Conforme relato da Secretaria de Redação, o pedido foi feito em 21 de janeiro, mas só em 3 de fevereiro, após vários contatos, a embaixada iraquiana em Brasília aceitou analisá-lo -exigindo o perfil dos repórteres.

Um sinal positivo foi dado em 13 de março, mas o visto só foi concedido em conversa "ao vivo" com os jornalistas pelo embaixador Jarallah al Obaidy no dia 15.
Dávila e Varella fizeram dois dias de curso de sobrevivência em situações de guerra e embarcaram para Londres, onde compraram coletes à prova de balas, capacetes, máscaras contra poeira radioativa e armas químicas e biológicas, além do equipamento de comunicação.

Chegaram à Jordânia na terça (18). Após 11 negativas, conseguiram que um motorista os levasse, por US$ 200, para o Iraque, pela rodovia Amã-Bagdá, a 140km/h.
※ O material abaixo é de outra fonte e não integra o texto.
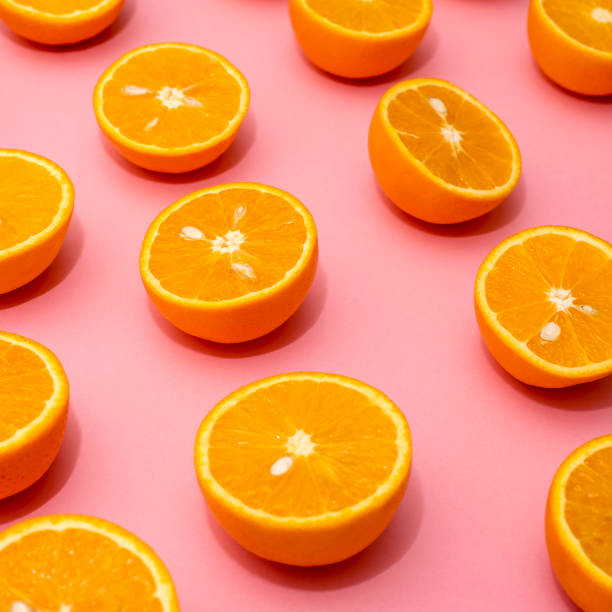 istock Orange juicy oranges split in half on pink 1148678351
Que o jornal, para o bem de seus leitores, faça um bom uso desse trunfo.

COM PITO, SEM PITO

Em duas reportagens, uma na segunda e outra na quarta, a Folha informou que o presidente Luiz Inácio Lula da Silva usaria a reunião ministerial da Granja do Torto, na quarta, para "chacoalhar" sua equipe, cobrar mais resultados e melhor desempenho.

Uma reportagem sobre os "bastidores" do encontro, na quinta, noticiava, no entanto, que "um esperado sermão light aos ministros não foi passado". Não teria havido, então, o anunciado "puxão de orelhas".

O fato poderia significar só uma mudança de rota no comportamento presidencial não fosse o contraste entre a informação da Folha e a do "Estado de S.Paulo" sobre o mesmo evento.

Sob o título "Lula pede a ministros mais ação e menos futrica", o jornal concorrente informava que, "durante a reunião, o presidente também passou um "pito" nos colaboradores que não resistem aos holofotes...".

Qual dos jornais se teria deixado induzir a divulgar notícia errada por uma ou outra versão de participantes da reunião?

Como é que veículos de comunicação sérios chegam a informações tão nitidamente opostas sobre um único evento?

O pano de fundo do desencontro parece estar no modo de apuração das informações, no grau de confiabilidade das fontes e na checagem de suas revelações.

Um dos grupos de leitores (o da Folha ou o do "Estado") saiu mal-informado. Quem lê os dois jornais ficou no mínimo confuso.